▸ ABOUT THIS TASK
A line below contains "Drogen und Waffen", and a later one contains "Click to view". Repeat both, with every line between them, exactly.

▸ AVAILABLE DATA
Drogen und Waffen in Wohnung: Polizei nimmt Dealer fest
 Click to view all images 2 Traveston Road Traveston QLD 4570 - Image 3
* * *
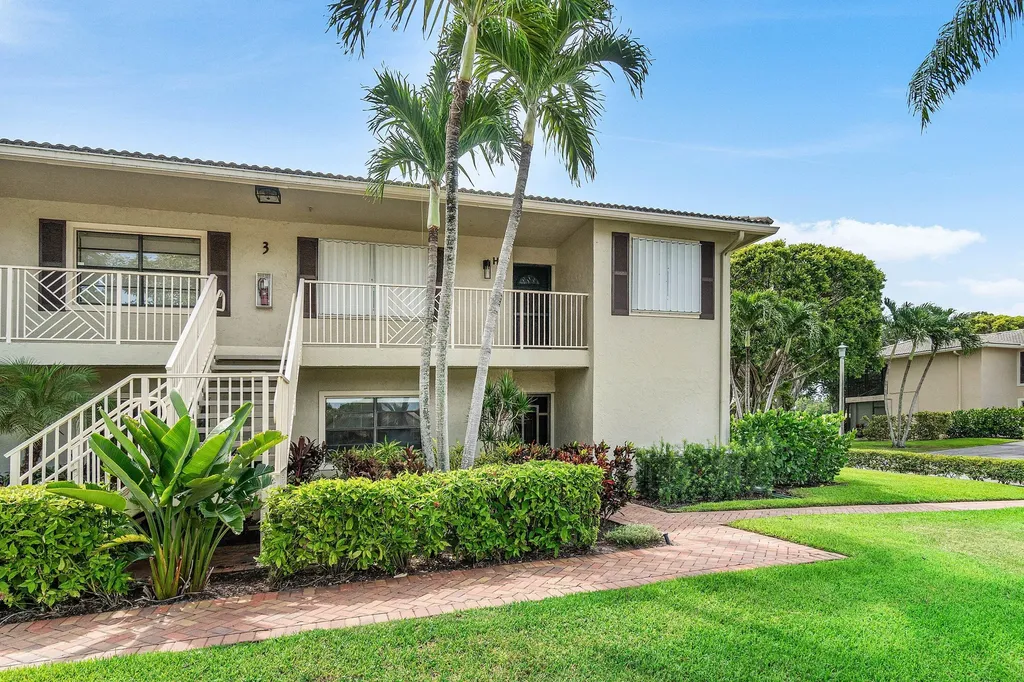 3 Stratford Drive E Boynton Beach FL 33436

▸ EXERCISE RESPONSE
Drogen und Waffen in Wohnung: Polizei nimmt Dealer fest
 Click to view all images 2 Traveston Road Traveston QLD 4570 - Image 3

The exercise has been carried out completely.